Kata Islam merupakan kata benda (masdar) dari kata kerja aslama [fi’il madhi/waktu lampau] dan yaslimu [fi’il mudhari’]. Kata Islam berarti tunduk, patuh, pasrah, berserah diri, damai, dan selamat. Semua makhluk yang ada di bumi berislam [berserah diri, patuh, dan tunduk] kepada Allah Swt. Mereka semua bersujud, tunduk, dan patuh kepada hukum-hukum-Nya. Seorang muslim yang taat akan terima dan ikhlas atas aturan yang telah ditetapkan oleh Alllah Swt. Ini merupakan konsep dari keberserahan diri yang ada pada pengertian Islam itu. Penolakan pada satu saja aturan satu saja aturan Allah Swt. Menunjukkan sikap ketidakberserahan secara menyeluruh. Dan penolakan atas hukum Allah Swt. Berarti mengingkari-Nnya.

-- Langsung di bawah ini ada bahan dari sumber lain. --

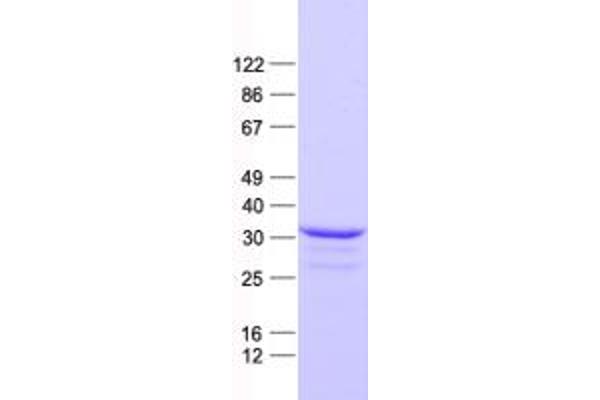 DLX4 Protein (His tag)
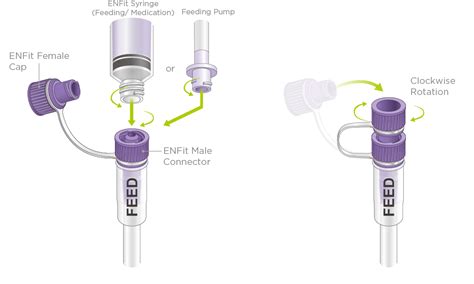 A Brief Introduction of 2023 New Product with ENFit Connector - Fortune Medical Instrument Corp.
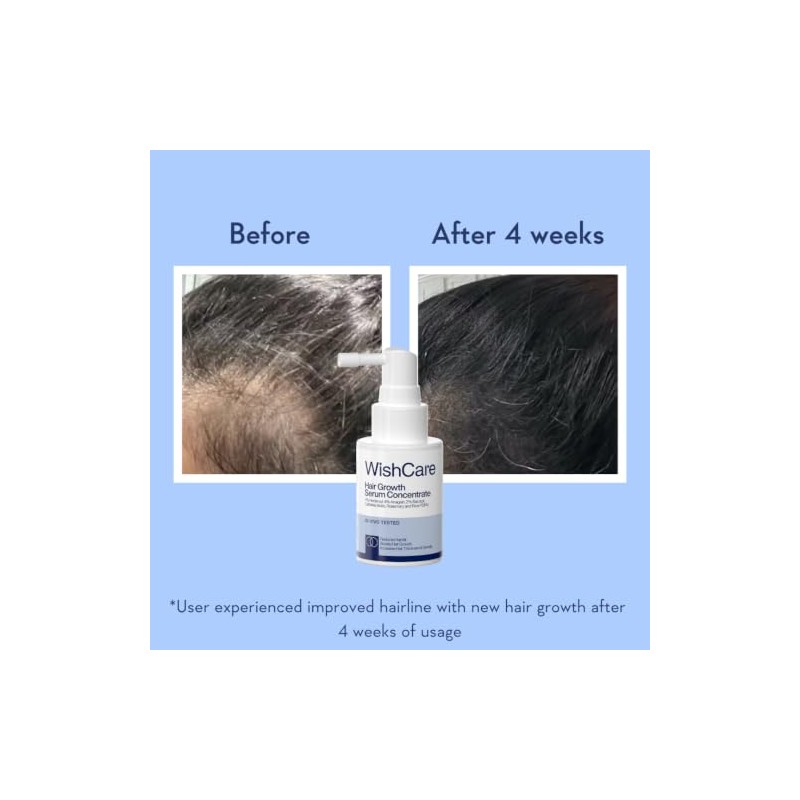 WishCare Hair Growth Serum with Rosemary, Redensyl, Anagain, Baicapil, Caffeine,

 Secara terminologis, Islam adalah agama yang di turunkan oleh Allah Swt. Kepada Rasulullah SAW. Melalui perantaraan malaikat Jibril untuk di sampaikan kepada manusia sebagai bimbingan, petunjuk, dan pedoman hidup demi keselamatan dunia akhirat. Karena Islam adalah sebagai petunjuk dan pedoman hidup untuk keselamatan dunia akhirat dan ketenangan lahir bathin, maka kedudukan Islam seumpama kendaraan Raksasa yang mengangkut milyaran manusia dengan perlengkapannya yang kompleks serta Ulama dan Khalilfah sebagai Pilot dan teknisinya.

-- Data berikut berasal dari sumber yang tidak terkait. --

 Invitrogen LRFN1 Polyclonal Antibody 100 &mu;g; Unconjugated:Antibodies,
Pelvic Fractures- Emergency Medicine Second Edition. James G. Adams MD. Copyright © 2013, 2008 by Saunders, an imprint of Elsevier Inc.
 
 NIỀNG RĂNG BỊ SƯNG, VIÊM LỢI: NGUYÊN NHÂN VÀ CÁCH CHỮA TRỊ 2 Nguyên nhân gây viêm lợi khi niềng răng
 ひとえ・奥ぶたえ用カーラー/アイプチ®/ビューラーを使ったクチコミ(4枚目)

 Para Orientalis barat generasi awal mempunyai cara pandang yang salah tentang agama Islam. Mereka memandang Islam sebagai ciptaan atau hasil pemikiran Nabi Muhammad Saw. Mereka menyebut Islam Sebagai Muhammadanisme [Paham Muhammad]. Padahal dalam posisi ini Nabi Muhammad Saw. Adalah pembawa pesan peringatan dan petunjuk dari Allah Swt. Islam bukan hasil pemikiran dan bukan paham ciptaan Nabi Muhammad Saw. Begitu juga Islam bukan paham ke-Araban atau Arabisme. Karena Islam bukan milik pribadi dan bukan milik segolongan orang, tapi milik umat manusia yang mau beriman dan mengakui eksistensi Allah Swt.

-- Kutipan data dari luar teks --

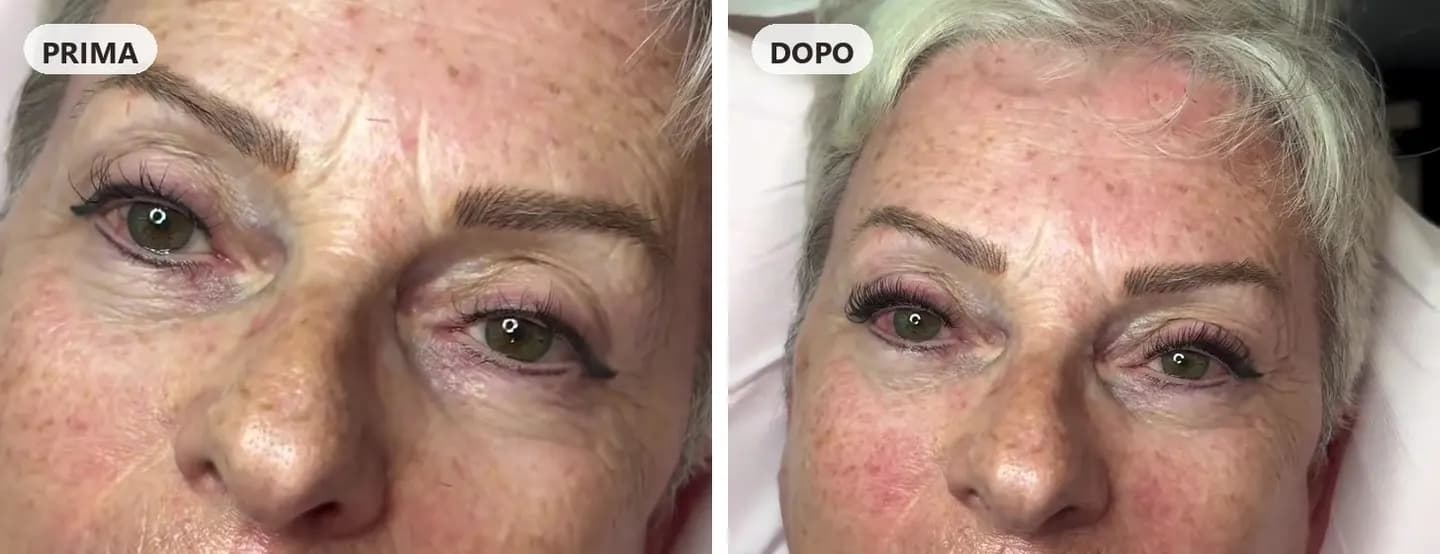 Prima e dopo: ciglia dopo sei settimane dall'ultimo set e subito dopo il refill di extension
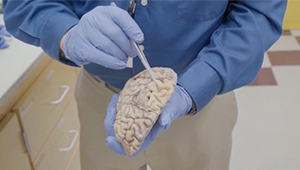 Allen-Institute_Human-Brain-Dirk-Keene_1col.jpg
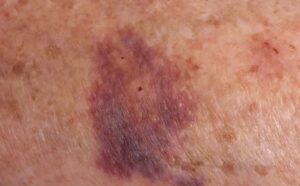 خونمردگی روی آلت تناسلی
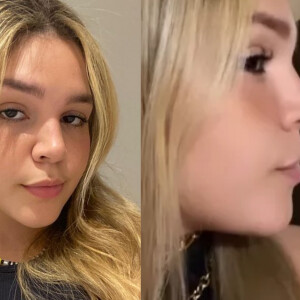 Filha de Simony, Aysha Benelli mostra antes e depois de rinoplastia e surpreende seguidores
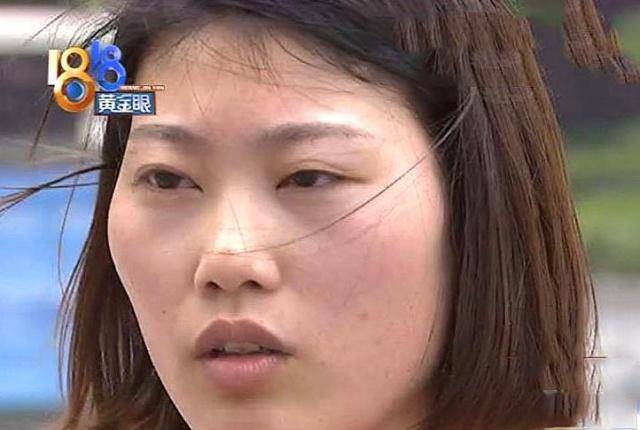 要求女子花3万整眼睛，做完手术后怒曝光：我晚上睡觉眼睛都闭不上！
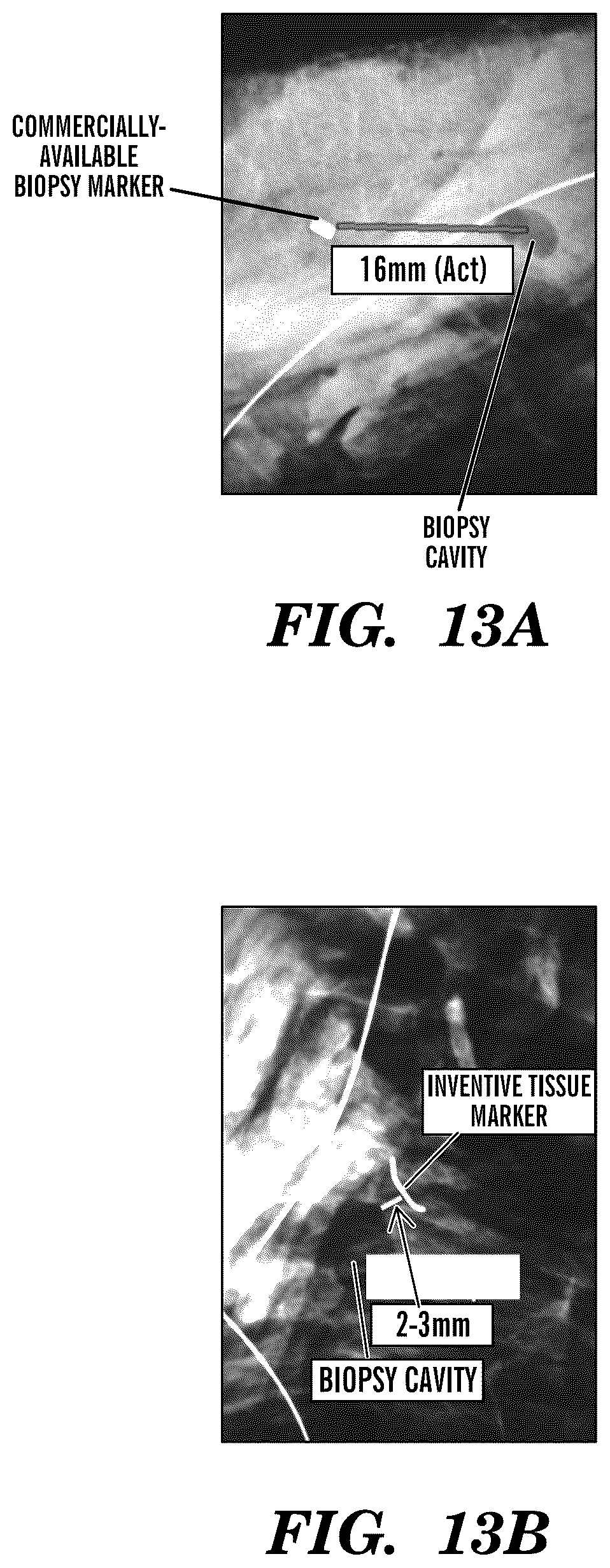 Patent US12310800 Figure 12 – Injection applicator for tissue markers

 Islam bukan produk akal manusia. Islam bukan kebudayaan. Islam bukan isme. Maka tidak tepat jika ada yang mengatakan Islam sebagai isme-isme. Karena kedudukan Islam bukanlah hasil dari ide dan buatan manusia. Sementara isme-isme yang ada di dunia saat ini, merupakan produk kebudayaan manusia. Kalau Islam di katakan sebagai isme, maka secara tidak langsung mengatakan islam itu setara dengan isme-isme hasil pikiran manusia

 Karena jika dilihat dari perspektif historis, isme ini merupakan kata yang di pakai untuk melengkapi ide atau gagasan hasil buah pikiran manusiasehingga gagasan itu kemudian di anggap sebagai isme yang di ajarkan pada manusia. Karena sufiks isme selalu identik dan lebih melekat dengan buah pikiran barat, seperti Nasional-isme, Kapital-isme, Liberal-isme, Sosial-isme , sekular-isme, femin-isme,  egalitarian-isme, dll. Isme-isme ini tidak ada satupun yang bersumber dari Islam, maka wajar bila kemudian isme-isme ini bertentangan dengan nilai-nilai Islam.

 Islam sebagai agama [wahyu] sangat tidak layak jika diberi sufiks isme karena Islam bukan manifestasi diri pikiran manusia. Maka dengan tidak memberikan sufiks isme pada kata Islam merupakan upaya untuk menjaga keluhuran, ketinggian kedudukan, dan kemurnian ajaran yang berasal dari Allah Swt. Dan agar tidak terkesan setara dengan Ideologi hasil buah pikiran manusia.